Whether you have only one maid of honor or a bridal party of ten, choosing your bride tribe is essential to running your wedding day smoothly. You’re not just choosing the women to stand beside you in pretty portraits, you are selecting a support group to help you plan, prepare, and present your wedding day. Who you choose has a profound impact on your day for better or for worse. So how can you decide?
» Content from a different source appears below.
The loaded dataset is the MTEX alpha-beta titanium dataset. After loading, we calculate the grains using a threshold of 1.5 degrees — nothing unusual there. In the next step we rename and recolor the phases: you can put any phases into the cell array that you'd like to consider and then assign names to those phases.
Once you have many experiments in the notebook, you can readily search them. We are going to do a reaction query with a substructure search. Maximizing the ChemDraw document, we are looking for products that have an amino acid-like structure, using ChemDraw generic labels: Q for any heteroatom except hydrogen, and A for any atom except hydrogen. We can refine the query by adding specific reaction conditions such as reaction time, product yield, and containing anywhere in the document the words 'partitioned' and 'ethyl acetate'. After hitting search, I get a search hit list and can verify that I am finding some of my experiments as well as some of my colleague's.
The first and only rule you need to follow is knowing that you need to pick who YOU want to. This is your decision only and no one has the right to tell you who to pick for your bridal party. Friends might be rude enough to ask to be included. Siblings, family members, and future in-laws might feel entitled to be a part of your party. But this is not their wedding, it is yours. The women (or brides men) standing beside you should be the people who support you no matter what. They’re the ones who truly wish you every happiness and want what you want for your wedding day. They’re the ones you turn to when times are tough or when you just want to spend time with an uplifting friend. They’re the people who never talk about you behind your back or frown down at your lifestyle or wedding choices. When choosing who to stand beside you, choose the people who will make sure you have a wonderful wedding, no matter what. 

Traditionally, the bride had her sisters and future sister-in-laws in the wedding party because weddings were all about cementing family relations, especially for financial ties. These days women marry for love, not financial security, and they are also paying more and more for their own weddings. Choosing your wedding party is no longer about being diplomatic and doing what everyone else wants you to do, its about doing what you want. 
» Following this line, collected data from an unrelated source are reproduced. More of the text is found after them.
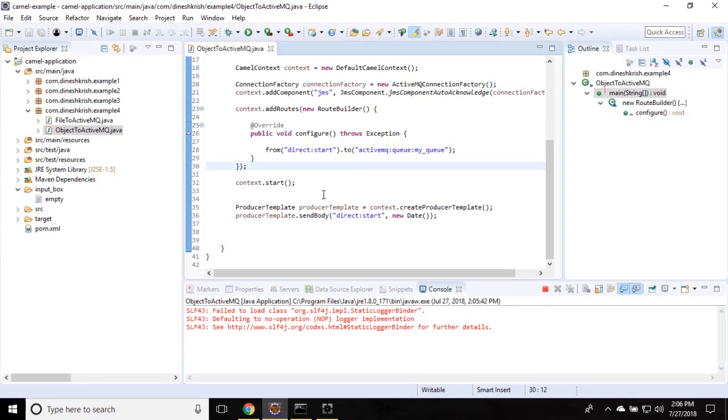So that's how we can send object, any object from a Camel application to ActiveMQ. Thanks for watching.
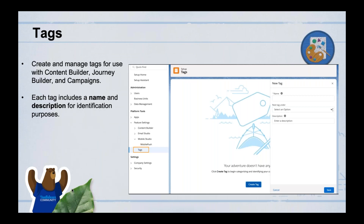Tags is a simple feature that lets you group or categorize content, journeys, or campaigns. You create tags in Setup and then tag individual images, emails, or campaigns under a specific tag, helping you organize all content into different groups.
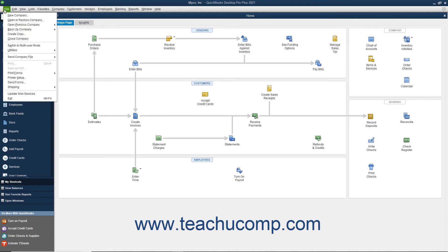select File, Switch to Multiuser Mode, or File, Switch to Single User Mode from the menu bar. This is a toggle command and will always switch to the opposite command from the user mode in which you are currently operating.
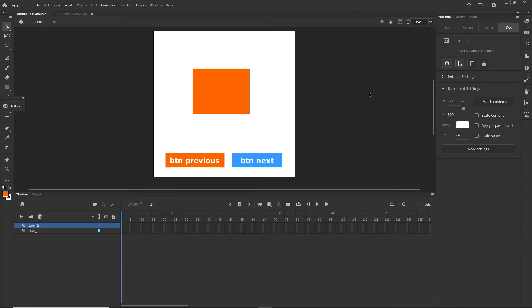Hello and welcome to this Adobe Animate tutorial. We are going to be working in HTML5 Canvas and we are going to be using JavaScript. I would like to show you something which is maybe a little theoretical, but which also can be very practical.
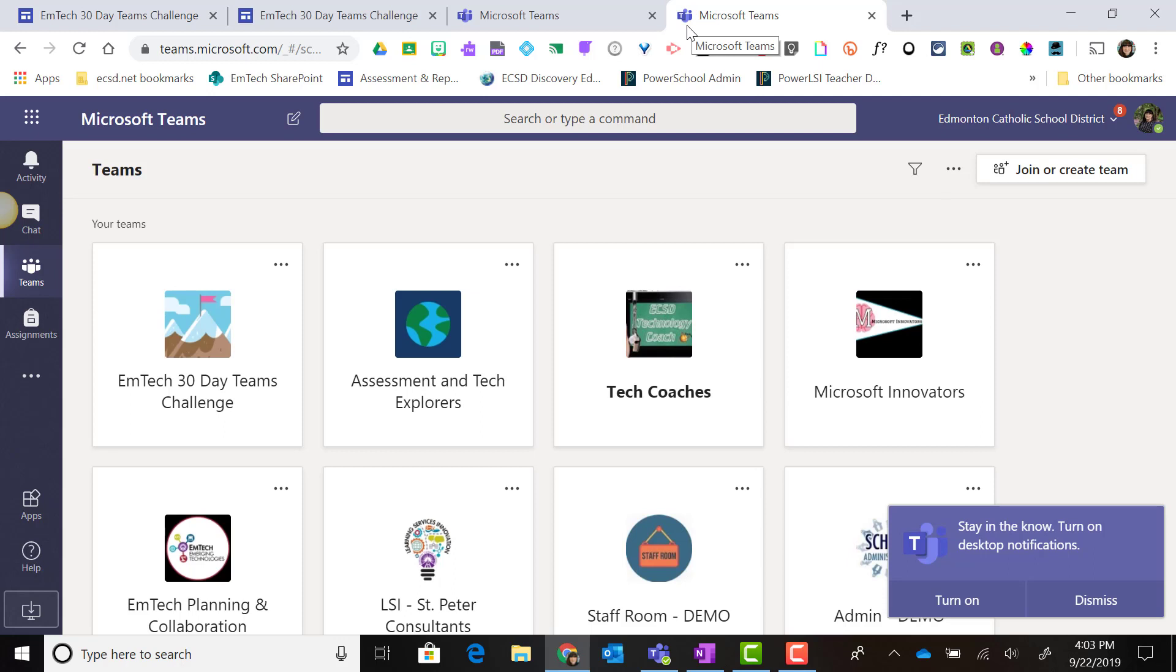If you're using a mobile device such as an iPad, Android, or iOS phone, you can install the free Microsoft Teams app and have most of the functionality of Microsoft Teams on your mobile device.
I always knew that I wanted my sisters and cousins in my bridal party because they’re the women I trust the most, who I know will always have my back, and who have been there for me throughout my entire life. My cousins are some of my closest confidents and friends. From a very young age, I always knew that I would have them as my bridesmaids and I am so glad that I followed my heart in that decision. I have no regrets. I also knew that I had too many close friends and that having to pick between them all would be hard not just for me, but for them too. I didn’t want to cause any rifts. On the other hand, I have known women who felt they could not decide between their friends so they had them all. It was expensive, chaotic, and stressful for everyone involved. 
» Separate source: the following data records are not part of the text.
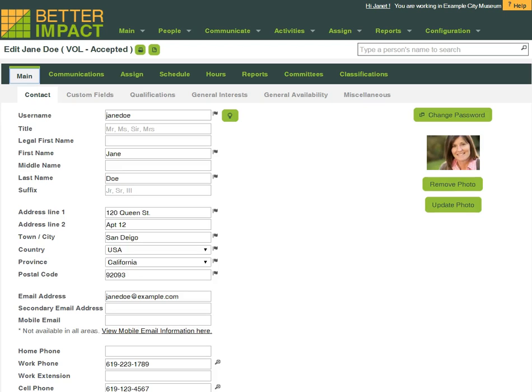One place for all of your information about a volunteer. It does exist. That's Volunteer Impact.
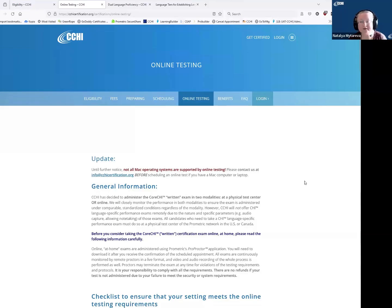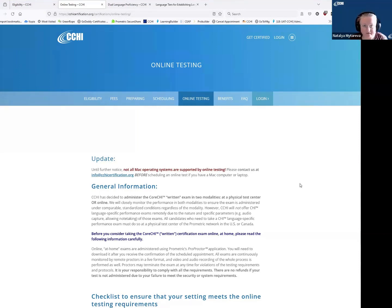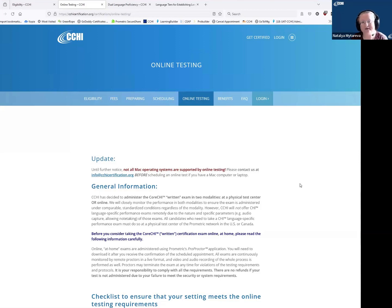In order to start the application, you need to have proof of language proficiency in English and a language other than English, completing 40 hours of healthcare interpreter training, and completing high school. You'll have to upload documents with your application.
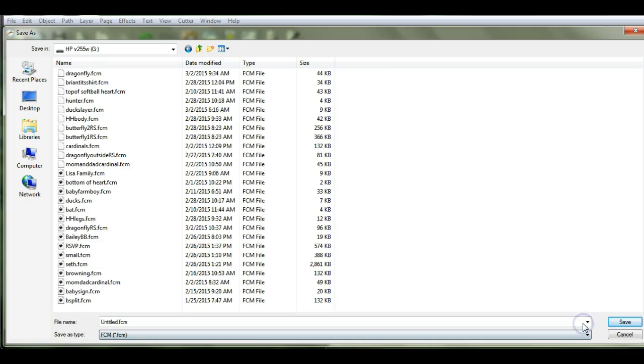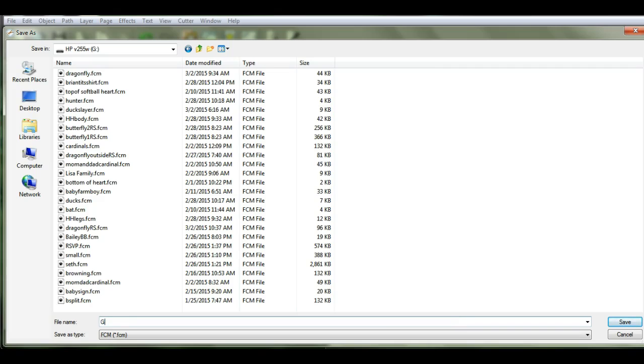Come here and you find and put in your FCM. That's what you change it to, and then you name it. We'll just do a gear, and then you can either hit save or you just hit enter.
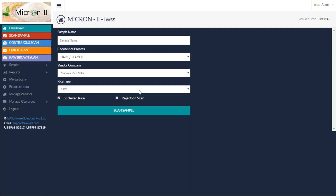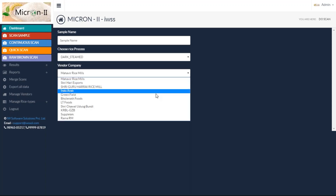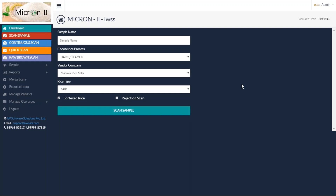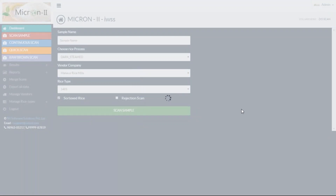This is dark steam, the one I'm checking. Then, what rice variety — I set this as 1401. You also need to choose your vendor. In case you're an exporter procuring rice from multiple sources, or you're a trader, you select which particular vendor provided this rice sample. When I click scan sample, it takes around 20 to 25 seconds. The grains you put in the scanner will be scanned and analyzed, then the report appears on your screen in maximum 25 seconds.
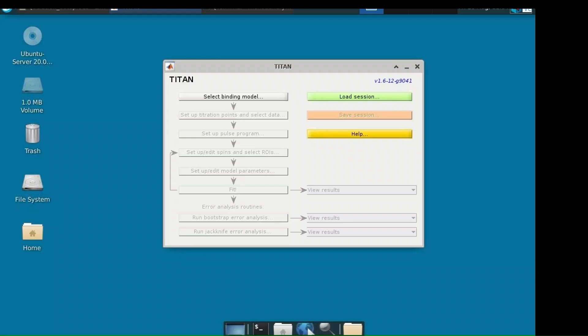Welcome to this Titan tutorial. The purpose of this video is to demonstrate how to use Titan once installed. This can be done by installing and running as an app, running through NMR Box, or in MATLAB.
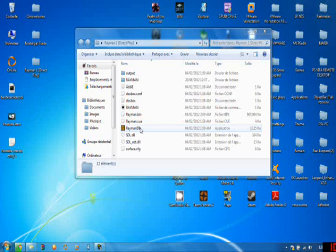And there you have it. You have Rayman 1 on your computer and you can play it with full access.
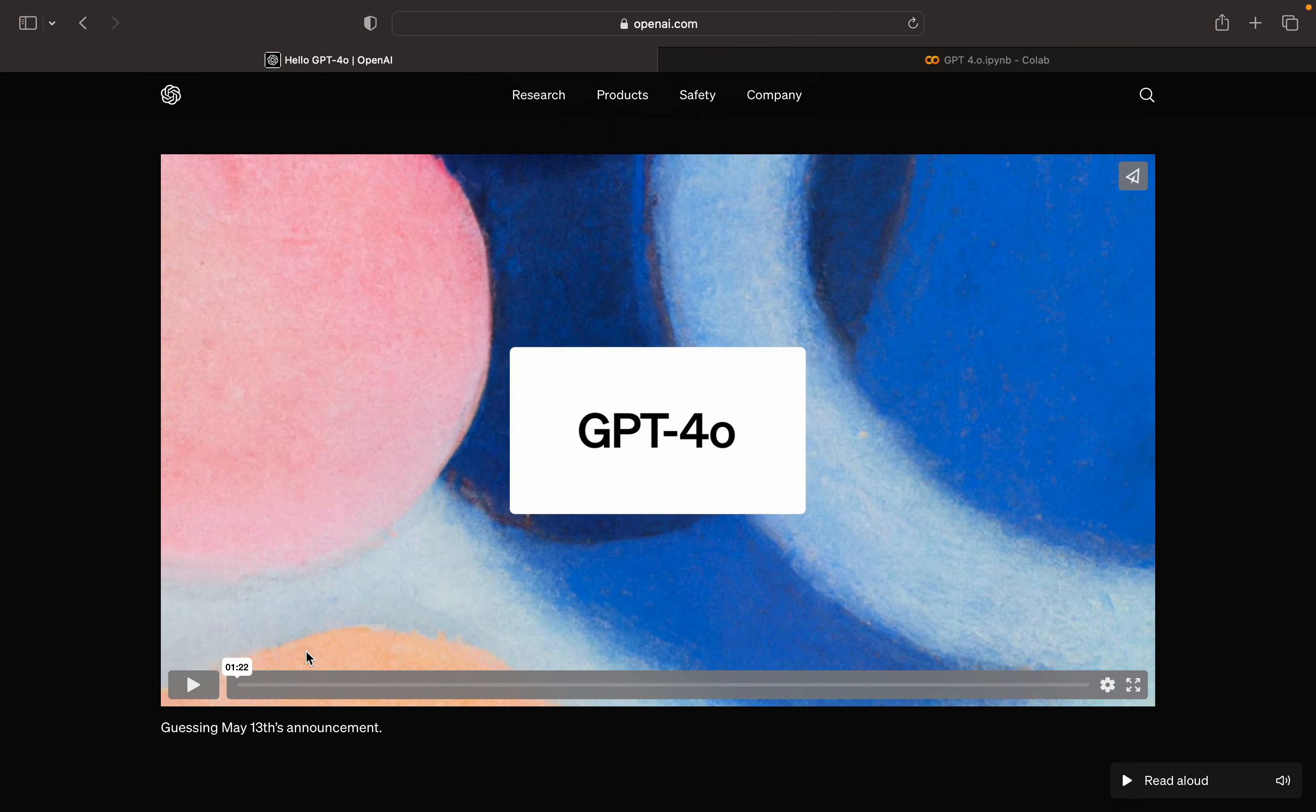OpenAI has released a new version of GPT called GPT-4O, and O stands for Omni. In this video, we are going to discuss GPT-4 Omini and implement it using Python. GPT-4 Omini is a multi-model which means it can access video, audio and text.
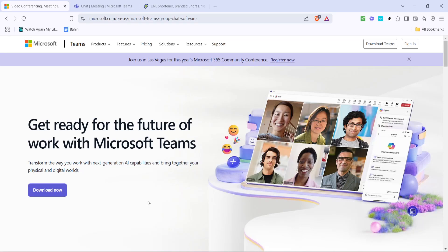In today's video I'm going to teach you how to create QR codes for your Microsoft Teams meetings easily. This process can be quite handy especially if you're looking to streamline how you share meeting invites with participants, allowing them to simply scan and join.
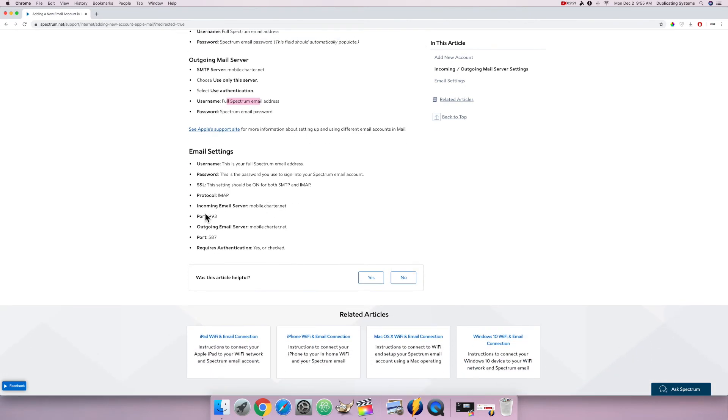And down here, I have incoming email server port and outgoing email server port. Outgoing email server is the one I want, so it's going to be port 587.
Perhaps you don’t want to have a bridal party at all because you want to keep your day simple and intimate. Or maybe you only want one person to stand with you. Or maybe you do want all of your close friends to be there with you. 

If a friend really is a good friend, she will understand your reasoning for not being able to include her in the bridal party and will gracefully accept that choice. If she does not, perhaps she is not as good of a friend as you suspected, or you need to do a better job of letting her know that not having her in the party does not mean that you do not value your friendship. If you do find yourself in a situation where the friend becomes angry and starts causing problems such as petty arguments, or even engaging in bullying behavior, its best to communicate immediately and clear the air. If this friend persists in being angry or even resentful, despite your best efforts to make her feel loved or included, then perhaps some space will be necessary. 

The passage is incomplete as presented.